» **RAW DATA**
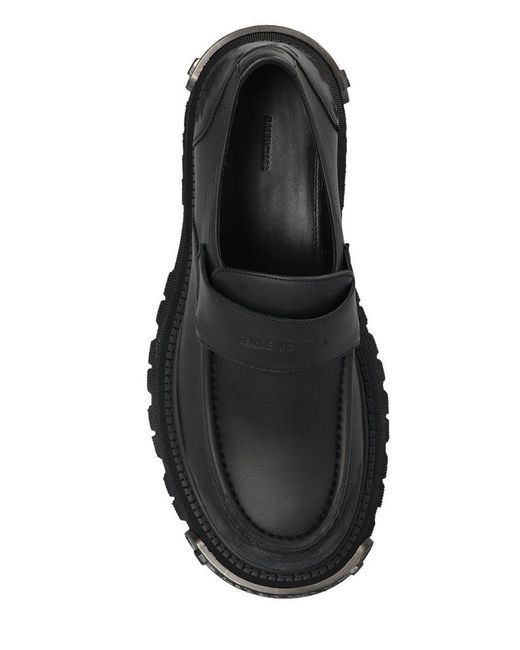 Balenciaga Black Tractor Loafers for men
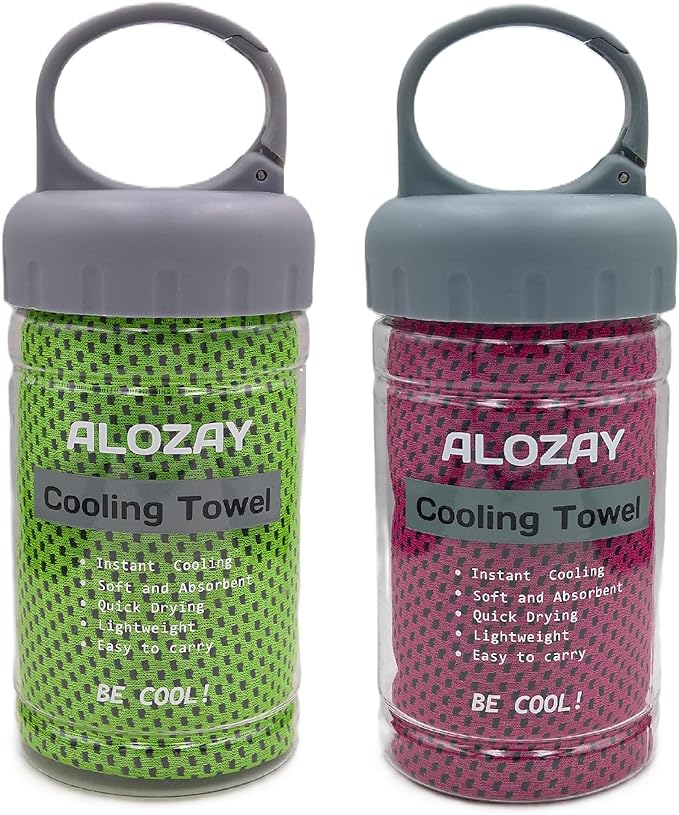2 Pack Cooling Towels (40"x 12") with Handle Carry Package, Microfiber Ice Towel for Instant Relief, Soft Breathable Chilly Towel for Yoga, Fitness, Travel, Golf, Gym (Green/Rose Red)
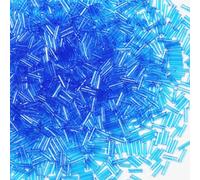 2420 pezzi/80g Perline Tubolari in Vetro Perline Bugle Seed Lunghezza 6mm Perline Tubolari per la Creazione di Gioielli (Blu Trasparente)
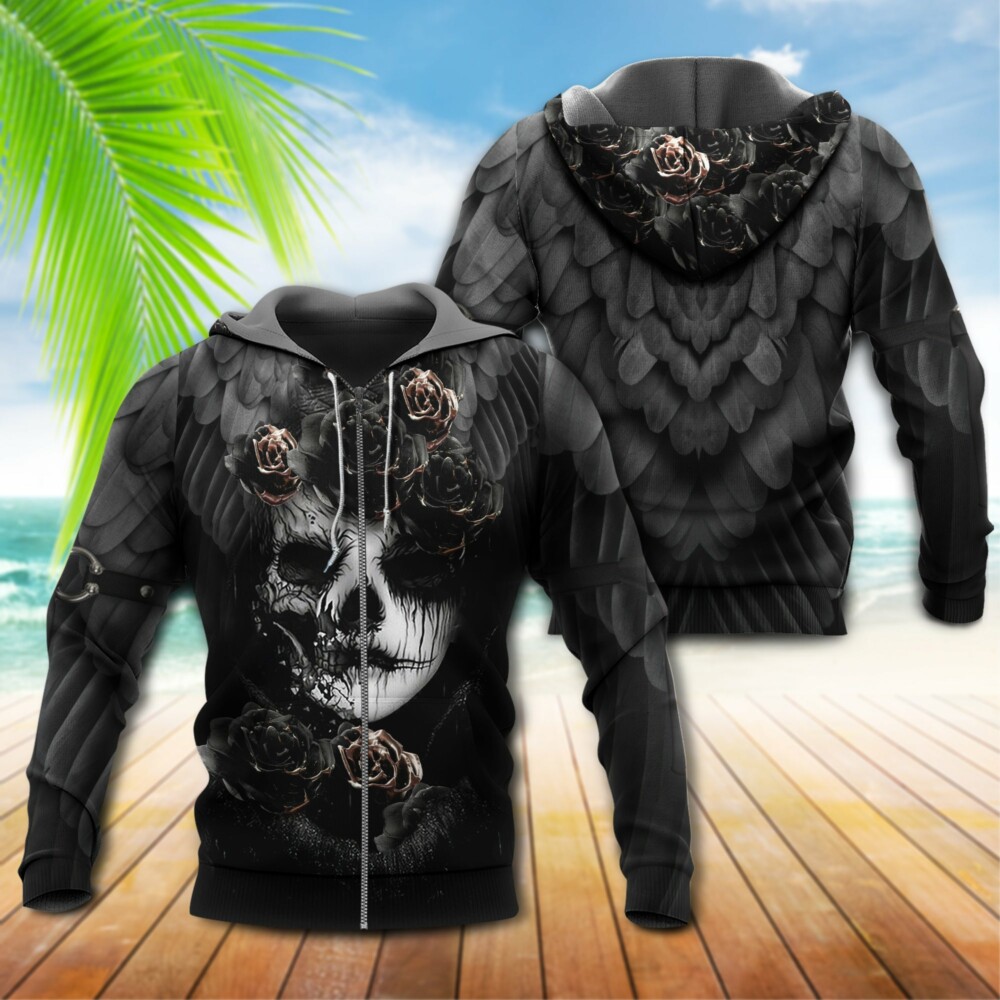 Sugar Skull Black With Rose - Hoodie - Owl Ohh - Owl Ohh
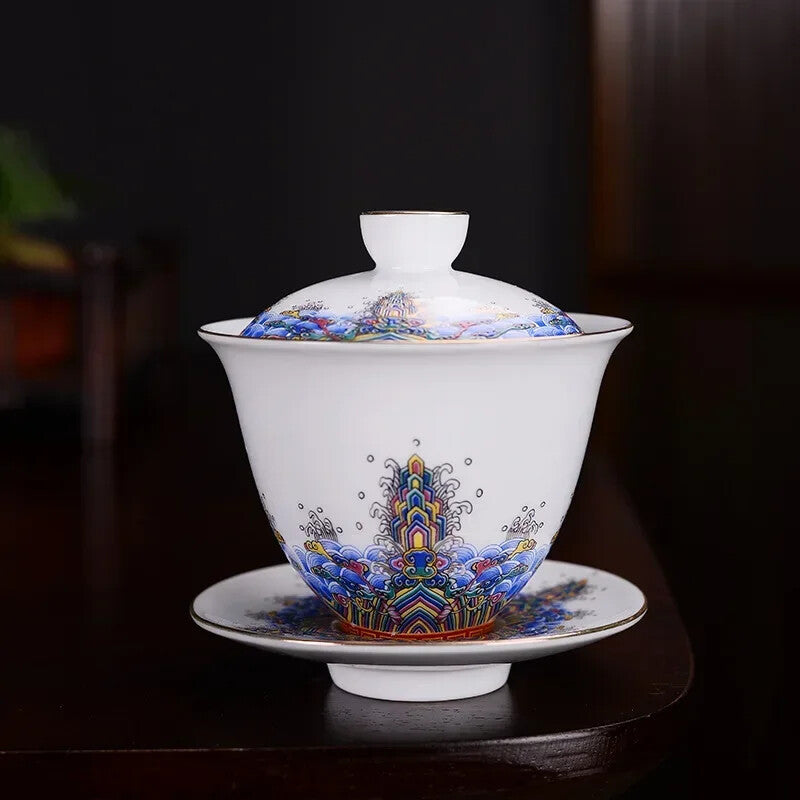 1PC Jingdezhen Gaiwan Enamel Color Tea Bowl Hand painted flower bird Teaset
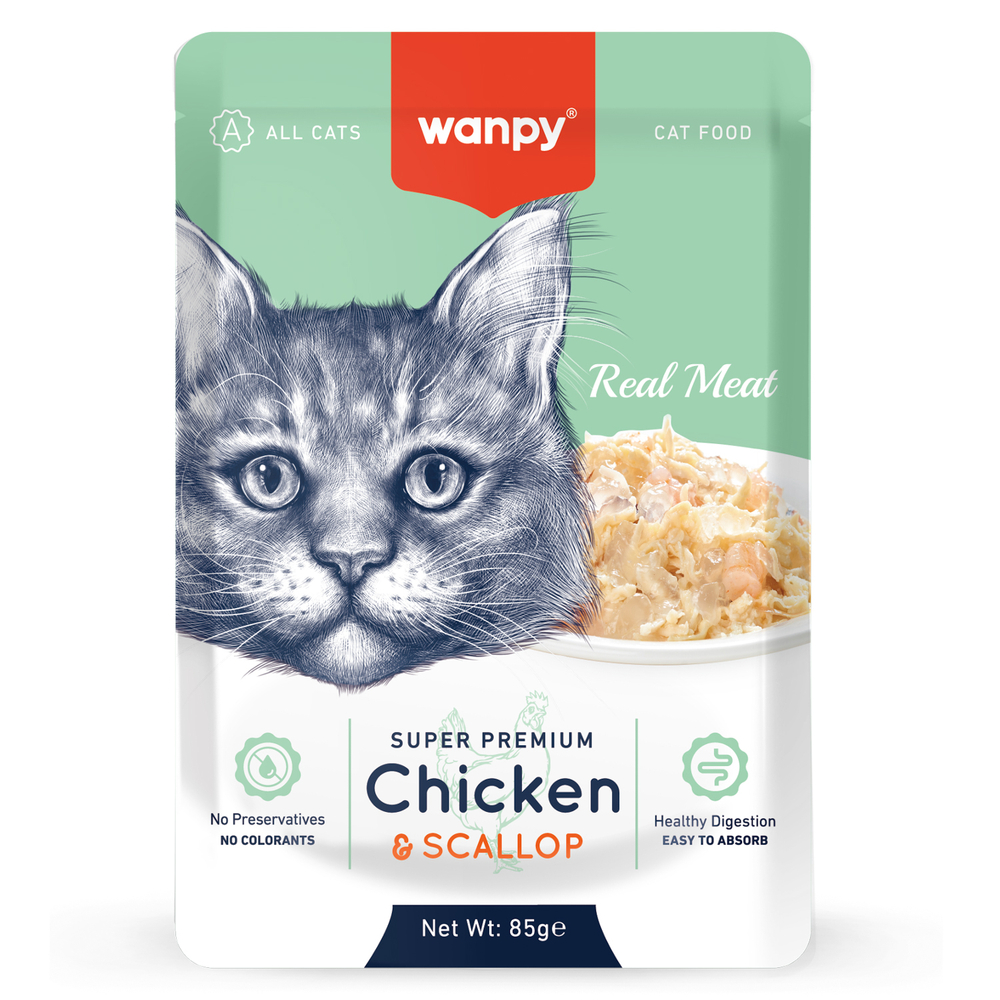 Корм для кошек WANPY Cat курица с гребешком пауч
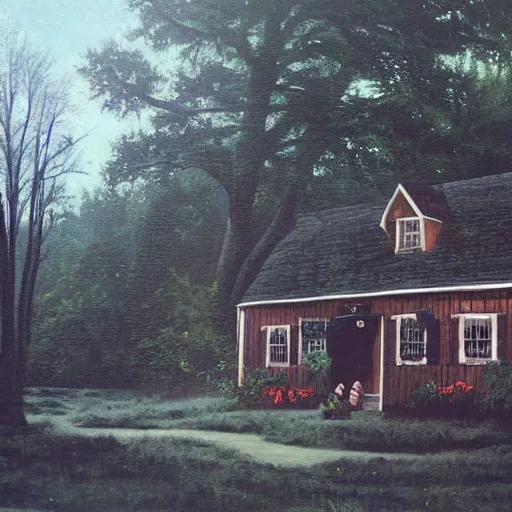 Prompt: thomas kincaid painting of black fillet from the movie the witch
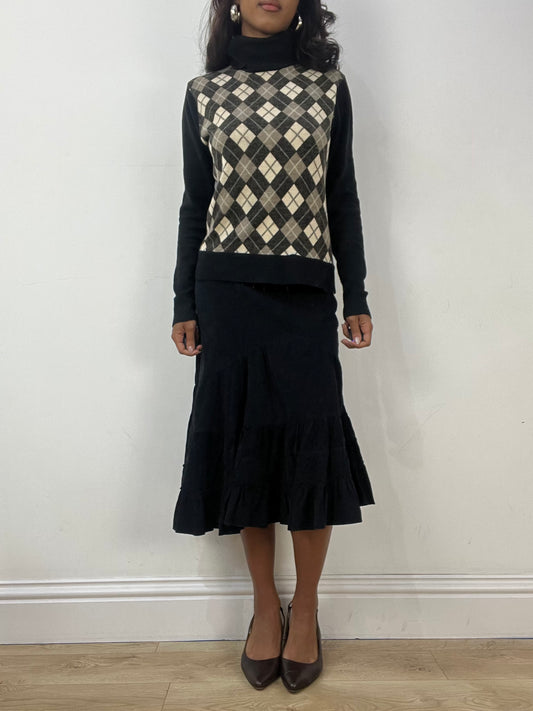 BEST PICKS | medium black and brown argyle print jumper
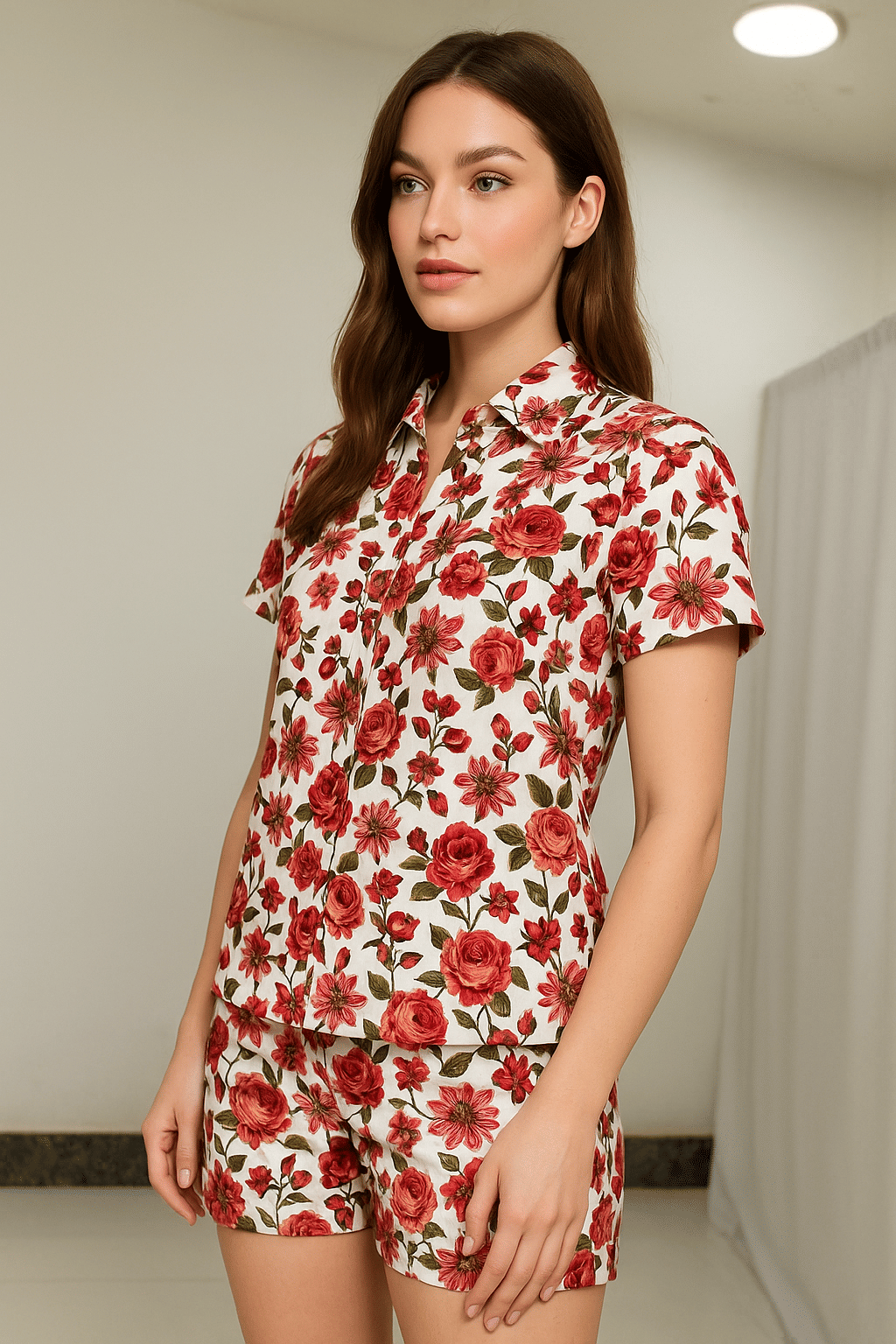     			Ridaa Women Printed Shirt With Shorts Co-Ord Set ( Multicolor )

» **THE PROBLEM**
Nothing but the lines from the top of the data above through the line containing "2 Pack Cooling" should be output, exactly as written and without the pictures.

» **RESULT FOR THIS TASK**
 Balenciaga Black Tractor Loafers for men
2 Pack Cooling Towels (40"x 12") with Handle Carry Package, Microfiber Ice Towel for Instant Relief, Soft Breathable Chilly Towel for Yoga, Fitness, Travel, Golf, Gym (Green/Rose Red)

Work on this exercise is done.